This is bad news for those GATA antagonists who love to
mock us as "conspiracy" kooks. Three years of evidence
developed by the GATA camp clearly reveals that the New
York Fed (formerly under the direction of Peter
Fisher), and the ESF, under the guidance of the
treasury secretary, have conspired to rig the gold
market. Now, Andrew locates acknowledgement from the
U.S. Treasury's own web site that the New York Fed and
ESF coordinate their activity in the gold market.

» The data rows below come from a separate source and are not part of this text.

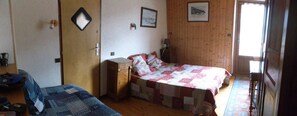 2 Schlafzimmer, Bügeleisen/Bügelbrett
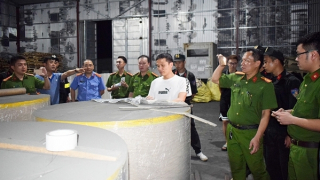 Đường dây làm giả hồ sơ, xuất lậu hàng nghìn tấn quặng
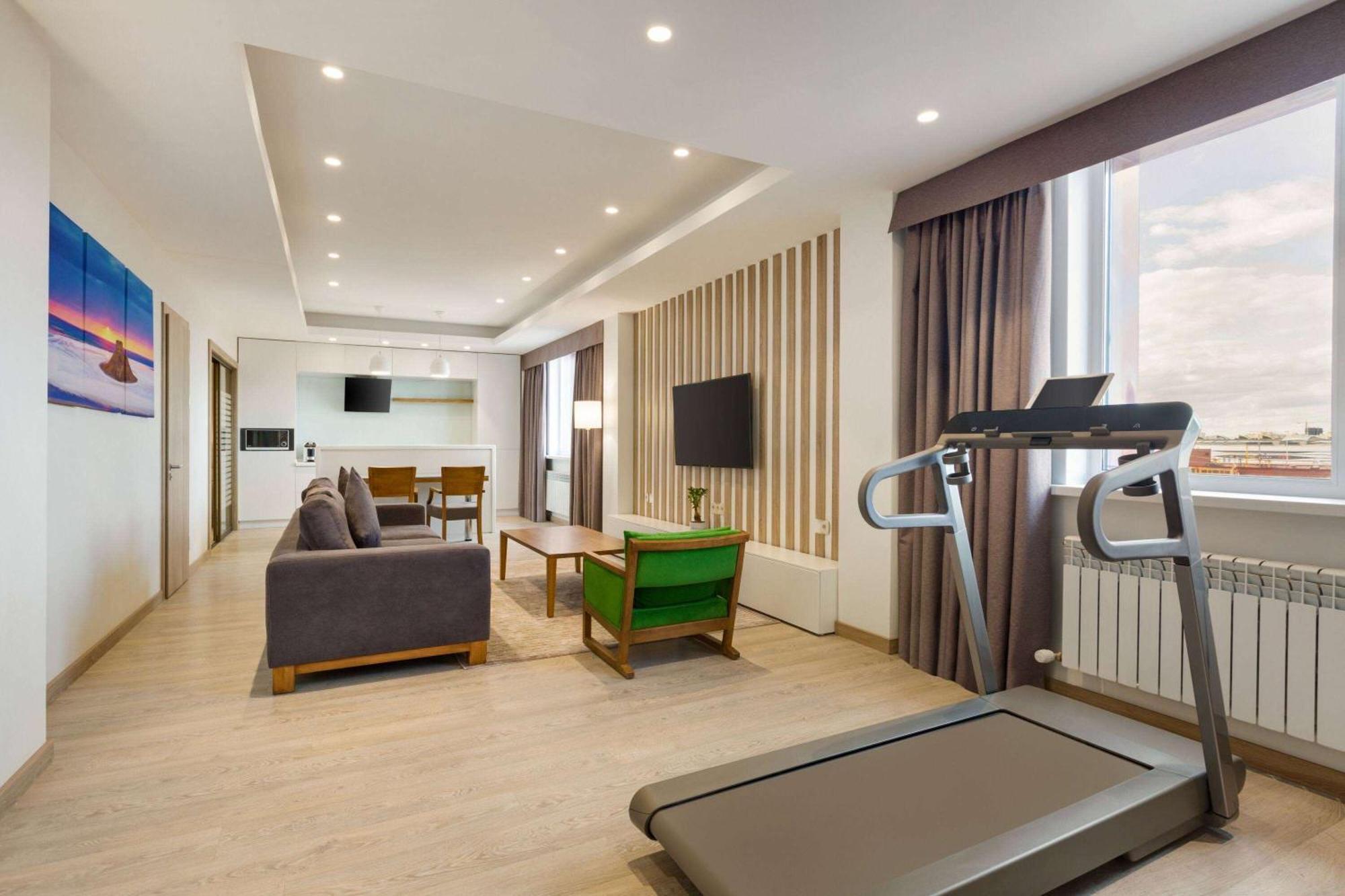Wyndham Garden Astana Hotel Luaran gambar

Andrew has some more. "Officialdom" will talk the talk
until we in the GATA camp zero in on the defining
questions. Then they go silent. It is always the same
drill -- whether it is the IMF, U.S. Treasury, BIS, or
the U.S. Mint. The latest stonewall emanates from
Italy's central bank, again courtesy of Andrew Hepburn:

* * *

To: Francesco Columba, Bank of Italy, December 21

Subject: Italian Gold Reserves

Mr. Columba:

Thank you very much for your reply. Having read the
publications you cited, I could not find an explanation
of how much gold remains in the Bank of Italy's vaults
and how much is out on swap, loan, or deposit. Can you
provide me with that information, or does the Bank of
Italy have a policy of not disclosing the amount of
gold receivables?

On another note, on Page 51 of "Money and Credit
Aggregates of the Euro Area: the Italian Components,"
an explanation of an account code reads as follows:

"S003675M -- AVERAGE LIQUIDITY DATA -- NET ASSETS IN
GOLD AND FOREIGN CURRENCY

Net gold and foreign currency claims on non-euro-area
residents.

First of all, on what countries or foreign
institutions does the Bank of Italy have gold
claims? Secondly, how much of the aforementioned
claims are on gold, and how much relates to foreign
exchange?

Thank you very much for your continued assistance.

Most sincerely,
Andrew Hepburn

Mr. Hepburn:

The publicly available data on gold are the one you
cite.

For the second question, you can look at Table 1,
ETAM0050 of the same supplement.

Best regards,

Francesco Columba
Bank of Italy

Mr. Columba:

Thank you once again for answering my questions in a
prompt manner. I do have one last question for the
time being that I was wondering if you could answer.
Can the Bank of Italy confirm or deny that it has
engaged in a gold swap (or any gold transactions,
for that matter) with either the U.S. Exchange
Stabilization Fund, the Federal Reserve, or the U.S.
Treasury?

Best regards,
Andrew Hepburn

Mr. Hepburn:

I have nothing to say about it and I invite you to
look at Bank of Italy's web site for any other
question.

Best regards,
Francesco Columba

* * *

GATA is going to make a concerted effort to garner more
support from Germany, Austria, and Switzerland. Cafe
member Bob List would like to help and sent the
following prior to my leaving for the Christmas
holiday:

* * *

Bill,

I know your time to handle inmails is valuable. Yet
if you can dedicate a minute or two on the
following, it might serve our common purpose.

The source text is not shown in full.